On Monday, Georgia’s Brian Kemp became the latest governor to reverse his reopening plans and extend the Peach State’s state of emergency. The two executive orders extend the testing and health procurement rules, which were set to expire on June 30, through August 11 and extend social distancing guidelines through at least July 15.
In a split from President Trump, Vice President Pence appeared in a mask over the weekend and urged Americans to follow suit, saying, “Wearing a mask is just a good idea and we know, from experience, will slow the spread of the Coronavirus.” The president has yet to wear a mask in public or advocate that his supporters do so.
The pandemic’s effect on the economy is becoming an election issue. A new Gallup poll this week found that President Trump’s rating on the economy had fallen by 16 points since January. While the president is not responsible for the onset of the pandemic, he is responsible for the Administration’s reaction to it. President Trump has long been a major proponent of quickly reopening the country.

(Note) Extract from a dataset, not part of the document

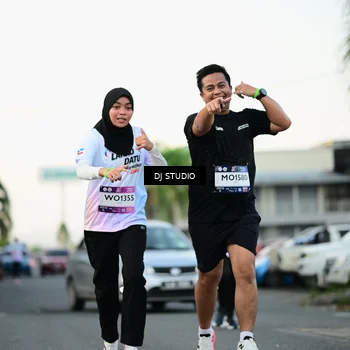 Runner Photo 7909279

Even before the recent uptick in cases, the US had the highest acknowledged number of Coronavirus cases and deaths in the world. On a per capita basis, the US ranked ninth in terms of deaths and and 12th in cases per Worldmeters.
At this point, many or most Americans on both sides of the political spectrum seem to have discarded mitigation strategies of social distancing and masks. It makes no difference to the virus whether it is transmitted by leftist protesters, conservatives at church or in businesses, or millennial partiers. The science is the same.
It is no longer clear whether Americans have the will to continue the inconveniences of social distancing and wearing masks. Given the broad spread of the virus, it may be too late to contain the outbreak even if we redouble our efforts. The United States may be about to experience the worst of both worlds with an economic recession paired with an out-of-control plague.